Smithfield Foods, Inc. announced last week that its hog production subsidiary, Murphy-Brown LLC, made significant strides in 2014 in transitioning pregnant sows on its company-owned farms in the United States to group housing systems, reaching the 71.4% mark by the end of the year.
In the company's latest update, Smithfield Foods reported that during 2014 the company increased the number of pregnant sows transitioned to group housing systems by nearly 20% over results for 2013. That means at the outset of 2015 more than seven out of every 10 Murphy-Brown pregnant sows on company-owned farms in the U.S. are in group housing systems.

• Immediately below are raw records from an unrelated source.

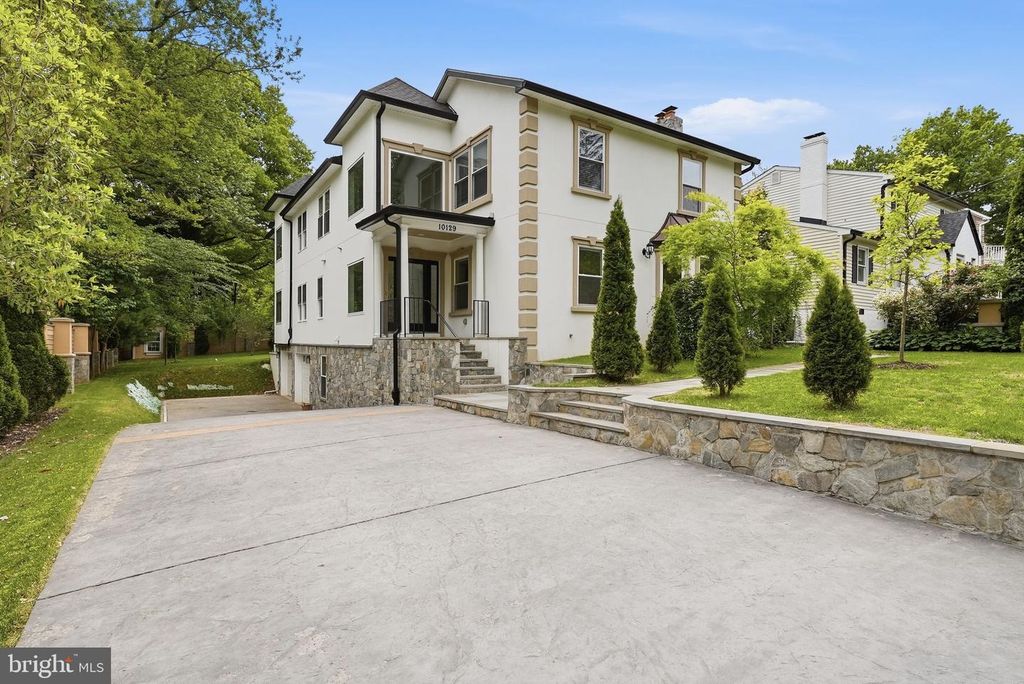 10129 DWIGHT AVE, Fairfax, VA 22032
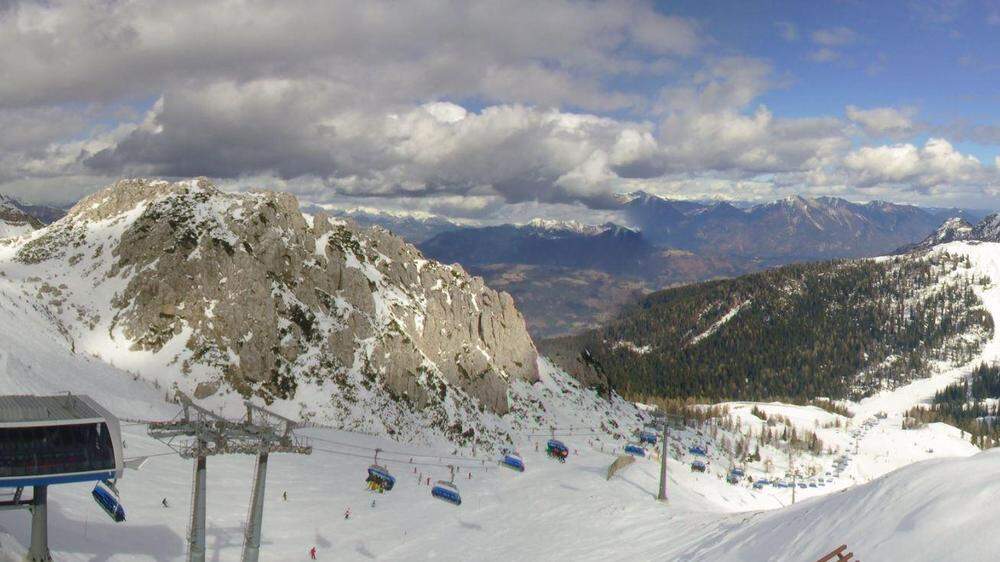Webcamfoto vom Nassfeld am Dienstag zeigt: Im Süden liegt noch genug Schnee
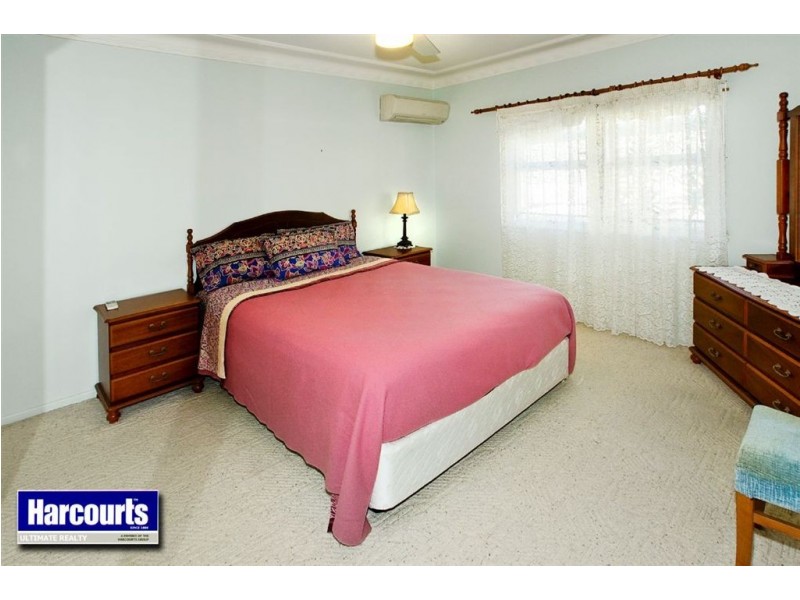 549 Oxley Avenue, Redcliffe QLD 4020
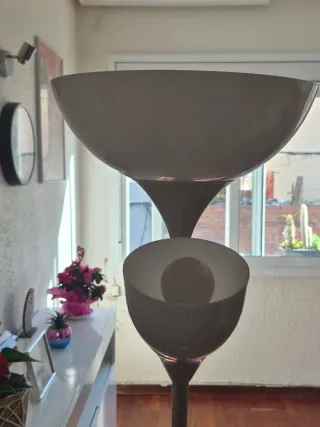 Lámpara de pie blanca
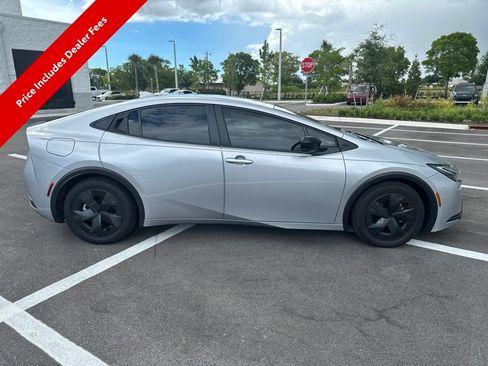 Used 2023 Toyota Prius Prime FWD image 5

"We made a business decision in 2007, based on input from our customers, to convert to group housing for our pregnant sows on all of our U.S. farms, and I'm proud of the fact that our employees are working very hard to make good on our commitment and complete this challenging task by 2017. I am very pleased that our employees report that group housing works equally well from both an animal care and a production standpoint," said C. Larry Pope, president and chief executive officer of Smithfield Foods.
A year ago Smithfield Foods announced it was recommending that all of Murphy-Brown's contract sow growers join with the company in converting their facilities to group housing systems for their pregnant sows by 2022, with a sliding scale of incentives to accelerate that timetable. "We have been encouraged with the initial response to our request to join with us in this commitment," said Dennis H. Treacy, executive vice president and chief sustainability officer of Smithfield Foods.
Smithfield's international hog production operations also will complete their conversions from gestation stalls to group housing systems on company-owned farms by 2022. Smithfield's hog production operations in Poland (AgriPlus) and Romania (Smithfield Ferme) began utilizing group housing facilities on company-owned farms a number of years ago. The company's Granjas Carroll de México (GCM) and Norson joint ventures in Mexico are committed to phasing out gestation stalls on company-owned farms by 2022.